Published: June 23, 2021
NORWALK, CONN. – The Lockwood-Mathews Mansion Museum (LMMM) has received a gift of three pieces of Herter Brothers furniture from R. Joseph Wiessinger, a collector, resident of Belleair, Fla., and frequent visitor to the museum. The new acquisitions will be displayed for viewing in the museum’s period rooms.
Wiessinger has been an avid collector of Herter Brothers furniture for the past 40 years, a passion that sparked when he received from his parents a walnut wardrobe from the 1870s, which they sent to him to help him furnish his first apartment. He quickly became mesmerized with the color and texture of the beautiful wood finish.
Wiessinger’s gift to the museum featured a bergère armchair with portrait medallion in the crest, gilt incising throughout and upholstered in a boldly patterned floral upholstery in cream, green and yellow with burgundy accents. The portrait medallion aligns the chair with other pieces in the LMMM collection, some that were purchased by Charles Matthews after he acquired the house.
A squared back bergère with bay-leaf inlaid crest and seat rail, incised gilt accents and red/orange silk upholstery with gold braid trim was also part of Wiessinger’s gift to the museum. Its bay-leaf inlay relates to that on a circular tripod music stool on that completes Wiessinger’s gift.
Wiessinger once acquired a Herter chair from an antiques dealer and, digging into data and documents to ascertain its history and provenance, he realized “It was from the 1879-1881 commission by W.H. Vanderbilt for his new mansion at 640 Fifth Avenue, in New York City. The Herter Brothers had designed and constructed all the furnishings for that residence.” Wiessinger later donated the chair to the Metropolitan Museum, where it is in the American Decorative Arts wing alongside other Herter Brothers furniture.

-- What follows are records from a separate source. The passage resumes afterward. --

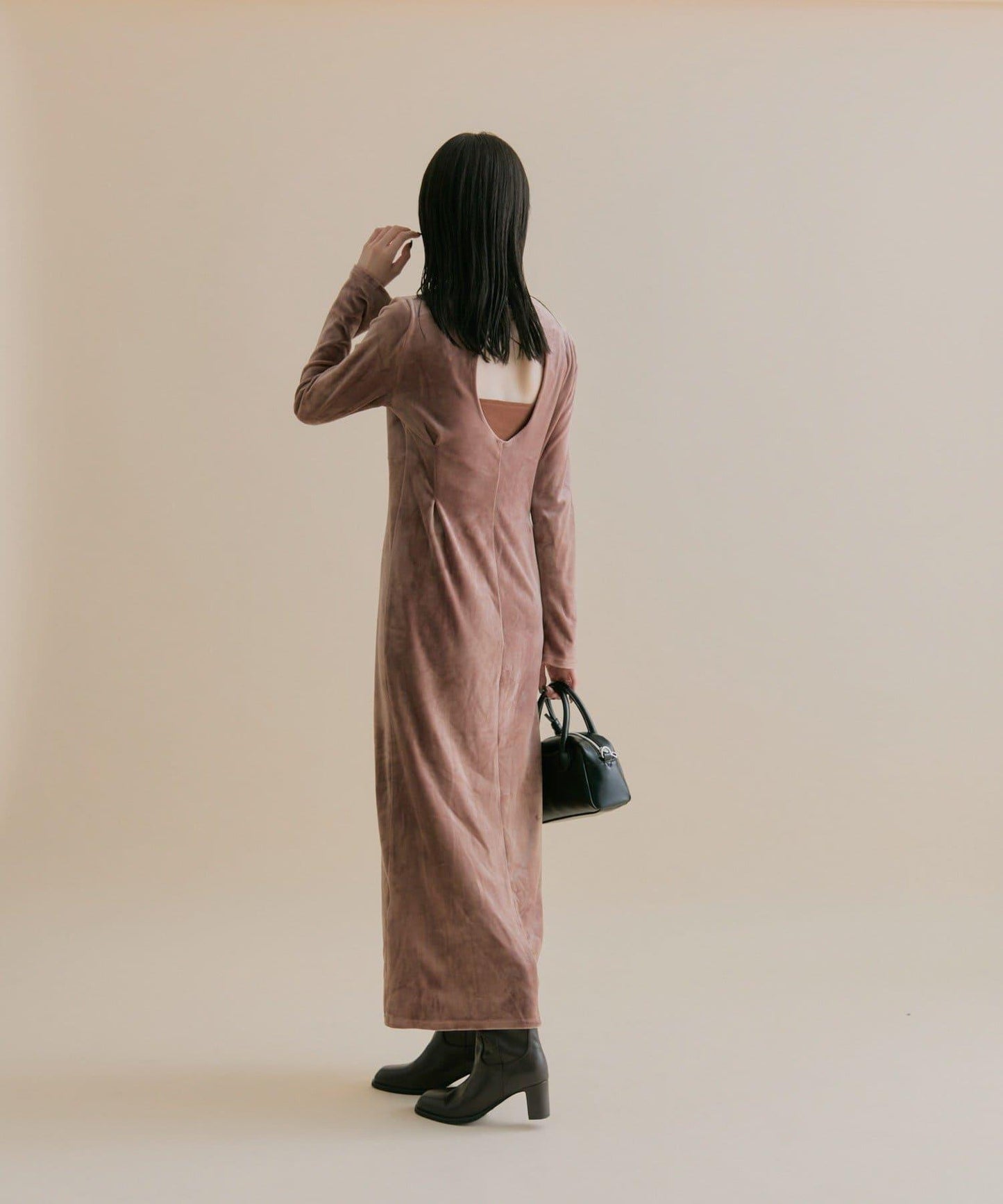 11/1（週六）12:00開始！【數量限定】【森川企畫】後背開口天鵝絨連衣裙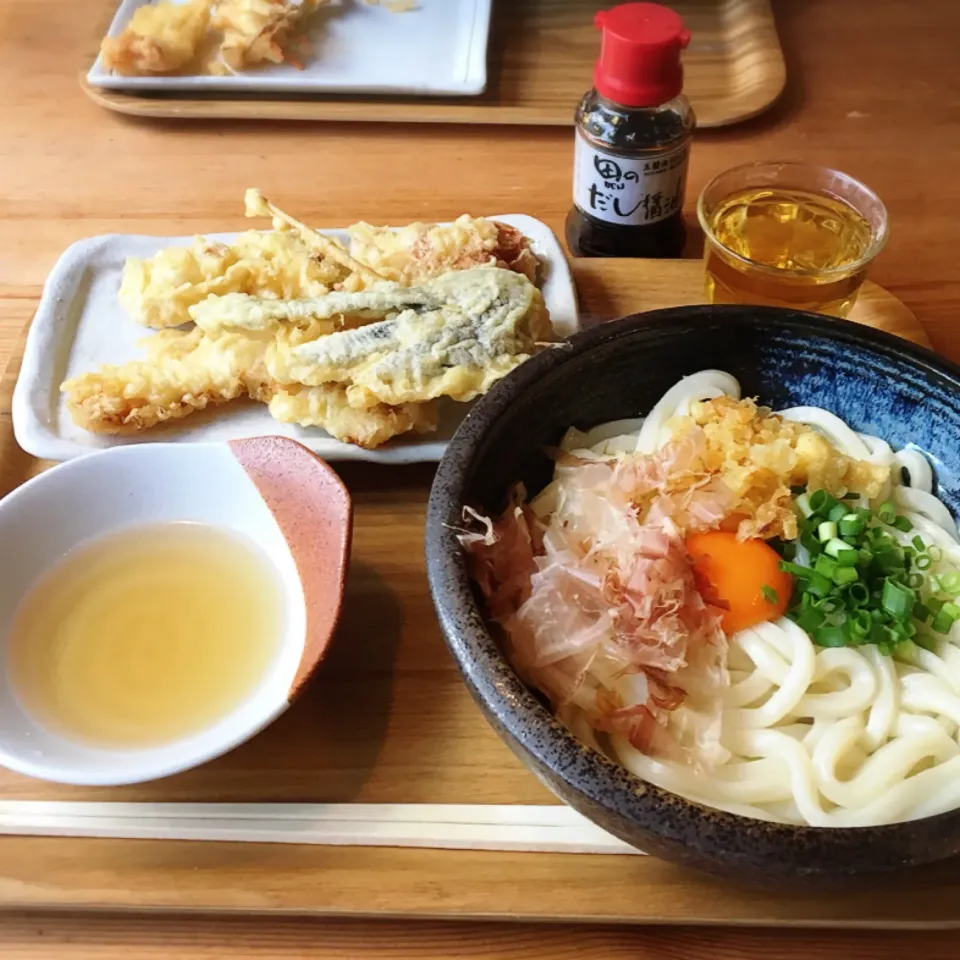 釜玉うどん・イカ天とちくわ天とナス天|美也子さん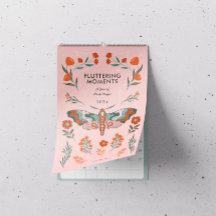 舞う瞬間:1年の蛾の魔法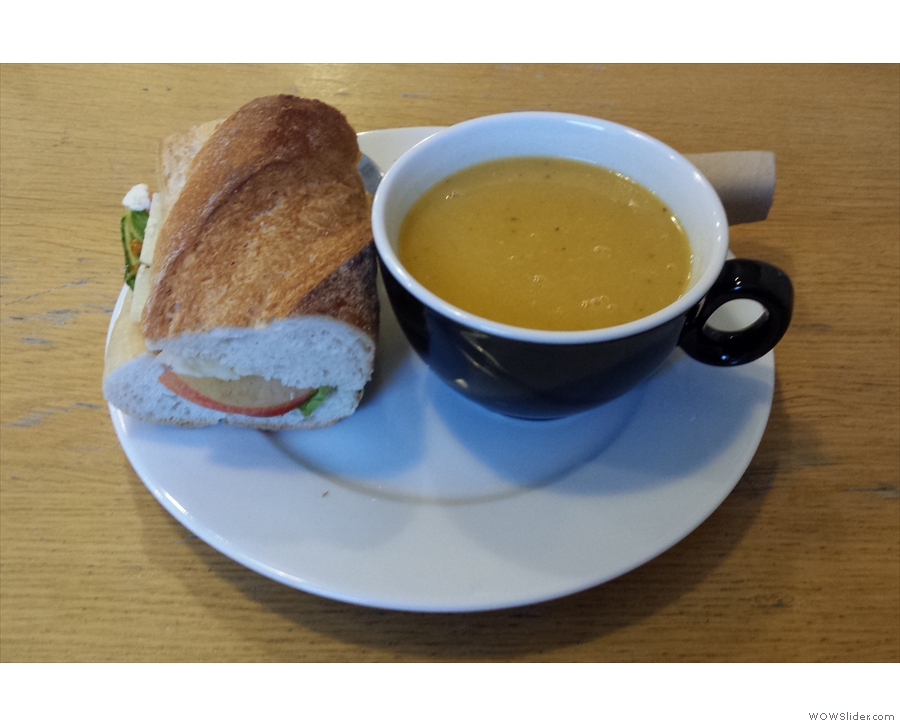 I returned in November, when I went all savoury with soup & a sandwich for lunch.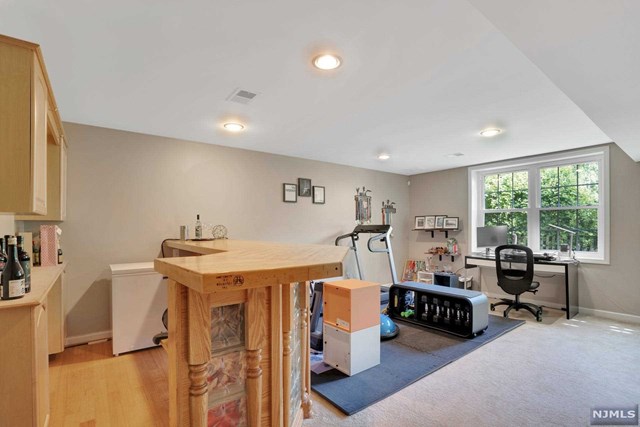 208 Levinberg Lane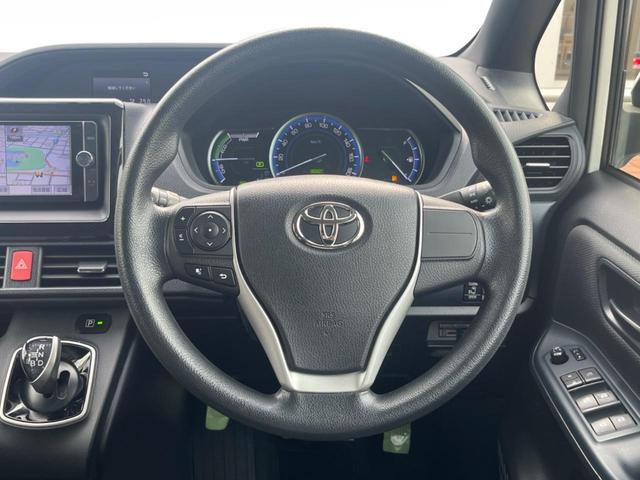 ヴォクシー ハイブリッドX 助手席側パワースライドドア 純正ナビ Bluetooth接続 バックカメラ ビルトインETC スマートキー 運転席側スライドドアイージークローザー LEDヘッドライト オートエアコン(12枚目)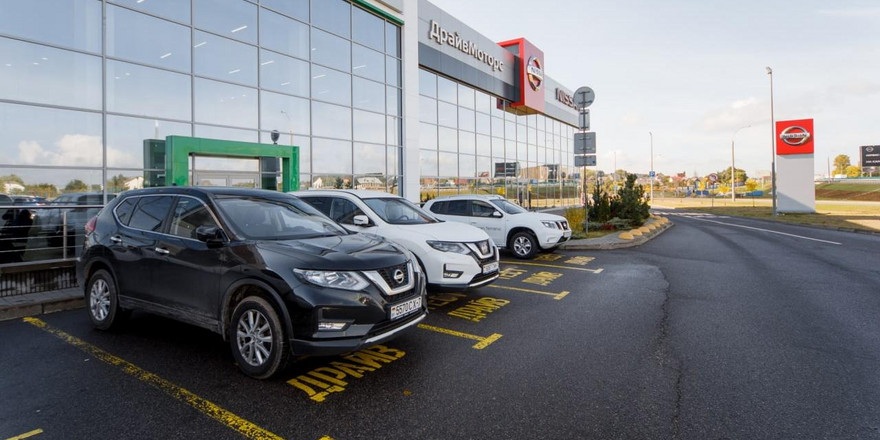 Новых поставок Nissan в Беларусь не будет. Что происходит у дилеров?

Wiessinger said, “It has been a delight to search out and find wonderful historic pieces by high-quality furniture makers and then, after enjoying them in my home, to donate to museums so the public at large can see and enjoy them as well and learn about Nineteenth Century furniture.”
LeGrand Lockwood was the first owner of the house, which was named “Elm Park” and sat on 30 park-like acres. He hired architect Detlef Lienau to design the mansion and construction began in 1864; construction was reported to cost nearly $2 million. Though the grounds would not be finished until 1871, the Lockwood family moved into the mansion in 1868. Furnishings for the house were commissioned from Herter Brothers, Leon Marcotte and George Platt and artwork by Albert Bierstadt, Jasper Cropsey, William Bradford, Joseph Mozier, Randolph Rogers and Lucien Goldsmith Meade, to name a few.

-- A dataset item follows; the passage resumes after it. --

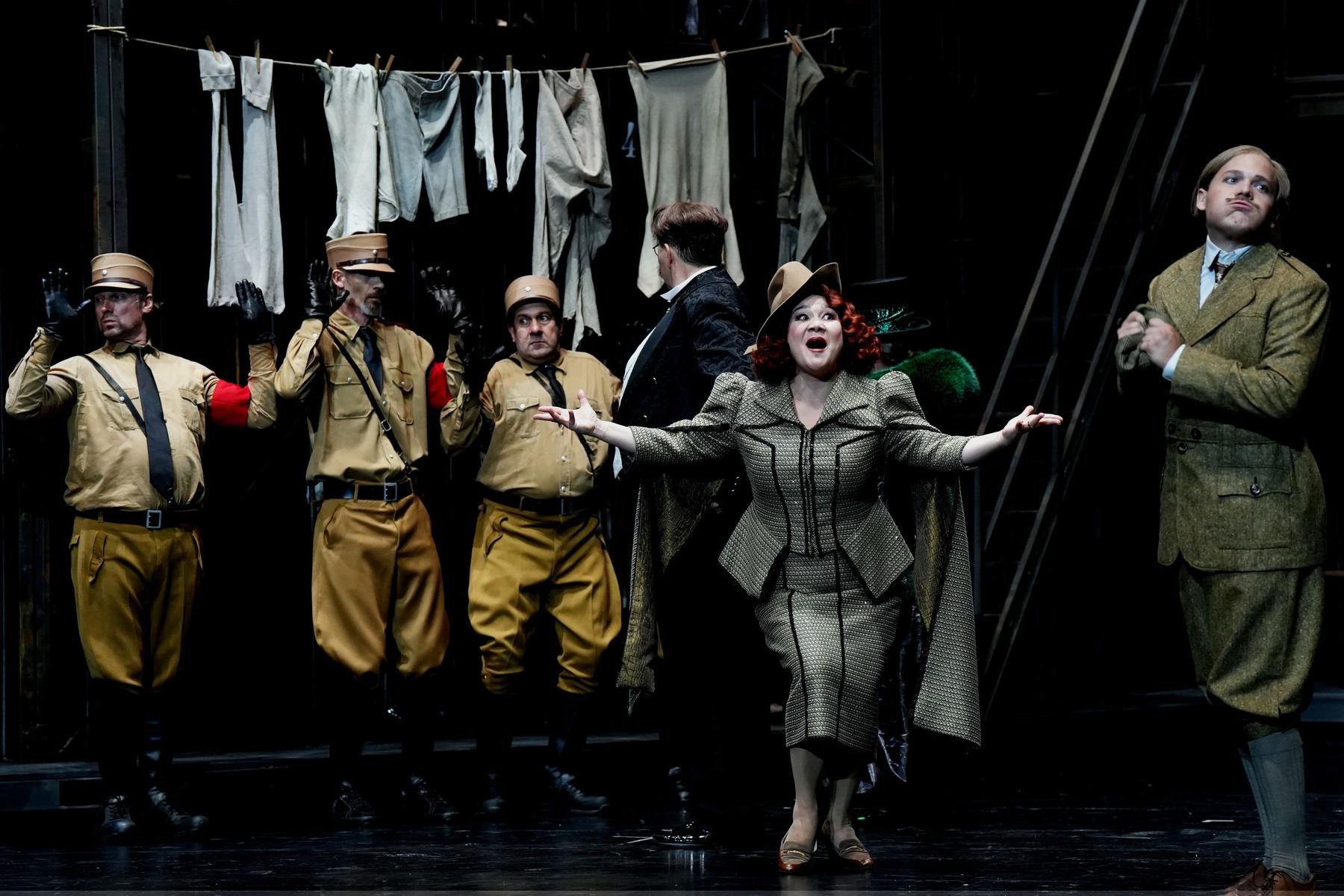 Theater an der Wien: „Die Fledermaus“ mit Nazis und Kaiser und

Lockwood lost his fortune on Black Friday, September 24, 1869. Charles Drelincourt Mathews purchased the mansion in 1876 for $100,000 as a summer retreat for his family. Mathews’ daughter, Florence, who lived at the mansion until her death in 1938, wrote about the Herter furniture in her diary.

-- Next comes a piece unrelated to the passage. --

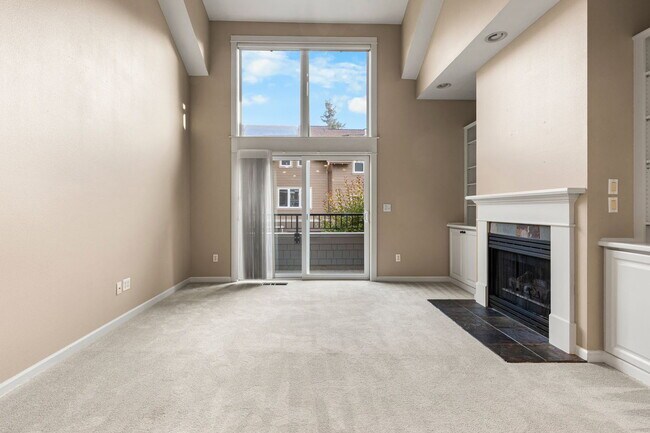 Building Photo - 10267 NW Alder Grove Ln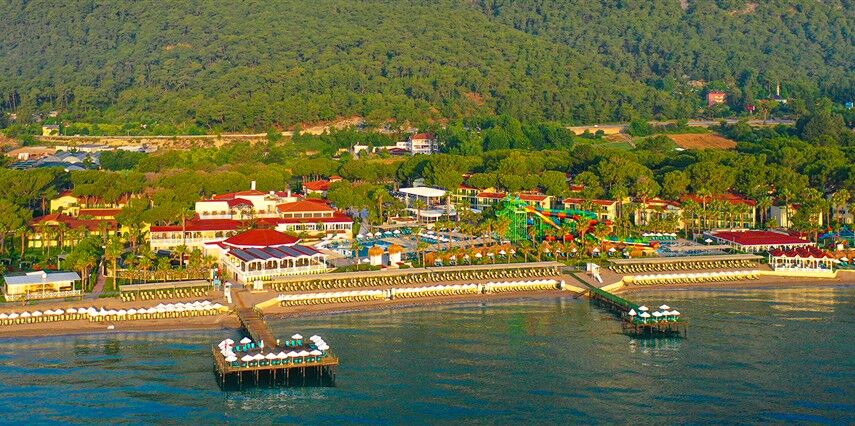 Crystal Flora Beach Resort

“The second summer,” wrote Florence Mathews, “Father found the furniture for the large drawing room. It was a curious fact that when the original furniture was designed, two sets must have been made. One sold to Mr Lockwood to match in every detail the room for which it was intended. It was done in rosewood like the doors and with a woman’s head in each piece on a dark blue background to coincide with the heads on the canvas.”
The museum’s extensive collection of furniture made by Herter Brothers includes pieces that were part of the original Lockwood commission that was either not delivered or sold out of the house that the museum has gradually reacquired.
Wiessinger’s gift is not the only furniture the Lockwood-Mathews Mansion Museum has received in recent years. A circa 1869 gilt-incised rosewood parlor suite – a settee and a pair of side chairs – that is now ensconced in the museum’s Oratory came up for auction in the September 26, 2020, sale at New Orleans Auction Gallery. It was acquired for the museum with support from several LMMM trustees and a donor from Louisiana who is a friend of LMMM. The suite matched a parlor suite already in the collection of the LMMM, which had been purchased around 1877 by Charles Matthews because “It matched what LeGrand Lockwood had ordered.”
Another furnishing homecoming took place in December 2017, when friends and supporters of the Lockwood-Mathews Mansion Museum acquired for the museum a side chair that had been part of the original 1869 Lockwood commission. The chair was subsequently owned by Charles Mathews, then was sold after the City of Norwalk acquired the house in 1941.